Work required:
Exercise in exact copying: restate word for word only the lines below from the one containing "An e-gift card" through the one containing "The simulators are", omitting any pictures.

Records shown:

####

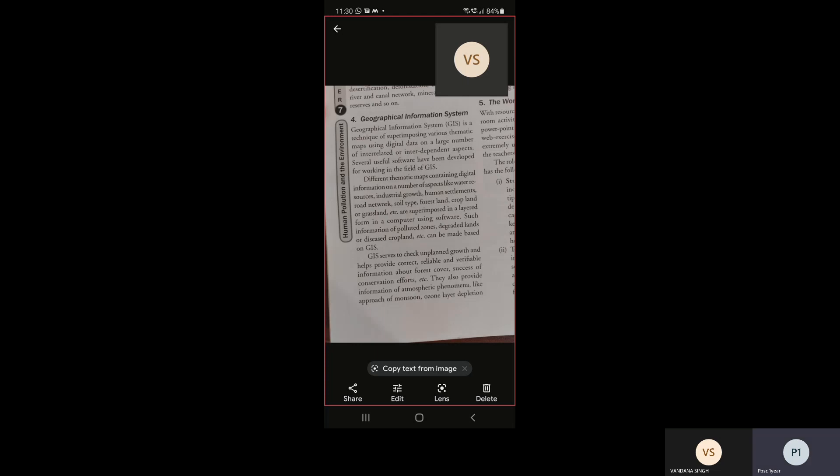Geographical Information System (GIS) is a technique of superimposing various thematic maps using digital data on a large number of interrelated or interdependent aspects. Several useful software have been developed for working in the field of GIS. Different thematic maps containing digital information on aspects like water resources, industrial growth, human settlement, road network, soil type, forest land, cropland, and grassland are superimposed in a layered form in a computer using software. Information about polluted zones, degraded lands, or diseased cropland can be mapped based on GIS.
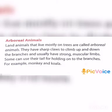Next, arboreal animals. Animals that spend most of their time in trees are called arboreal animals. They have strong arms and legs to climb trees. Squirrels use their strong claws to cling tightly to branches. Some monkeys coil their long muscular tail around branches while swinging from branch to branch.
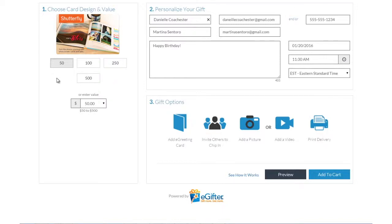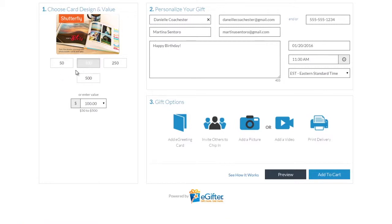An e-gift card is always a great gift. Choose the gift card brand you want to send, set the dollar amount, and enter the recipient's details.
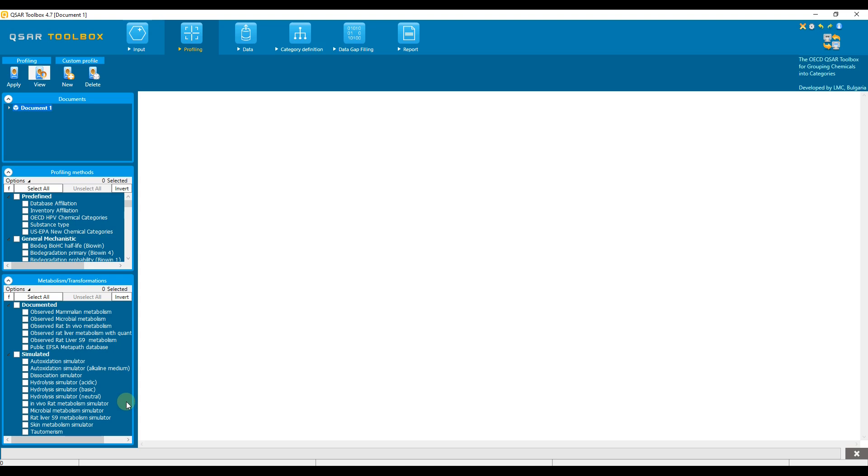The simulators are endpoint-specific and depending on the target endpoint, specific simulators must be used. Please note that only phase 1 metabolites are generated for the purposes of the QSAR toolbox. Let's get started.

####

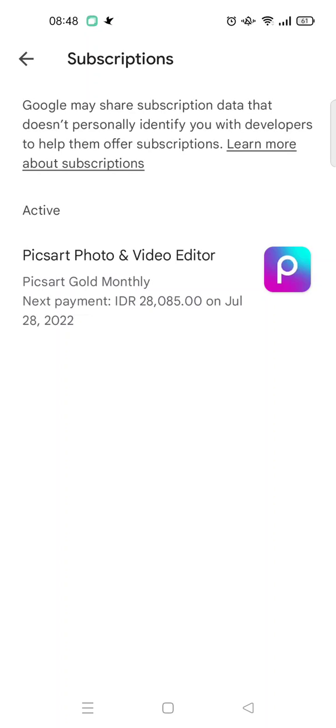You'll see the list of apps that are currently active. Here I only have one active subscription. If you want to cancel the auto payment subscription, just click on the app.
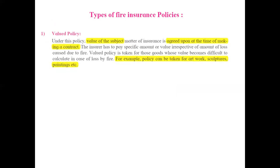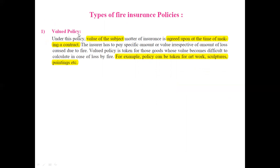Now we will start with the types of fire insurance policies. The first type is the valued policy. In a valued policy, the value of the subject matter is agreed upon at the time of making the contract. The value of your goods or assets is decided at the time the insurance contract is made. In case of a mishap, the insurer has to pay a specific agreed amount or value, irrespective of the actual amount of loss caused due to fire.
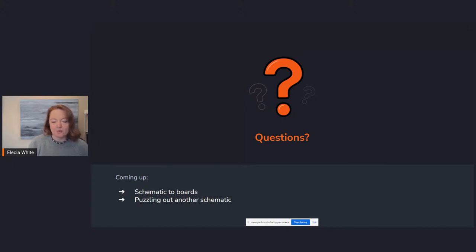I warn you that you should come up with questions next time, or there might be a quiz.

####

Task result:
An e-gift card is always a great gift. Choose the gift card brand you want to send, set the dollar amount, and enter the recipient's details.
The simulators are endpoint-specific and depending on the target endpoint, specific simulators must be used. Please note that only phase 1 metabolites are generated for the purposes of the QSAR toolbox. Let's get started.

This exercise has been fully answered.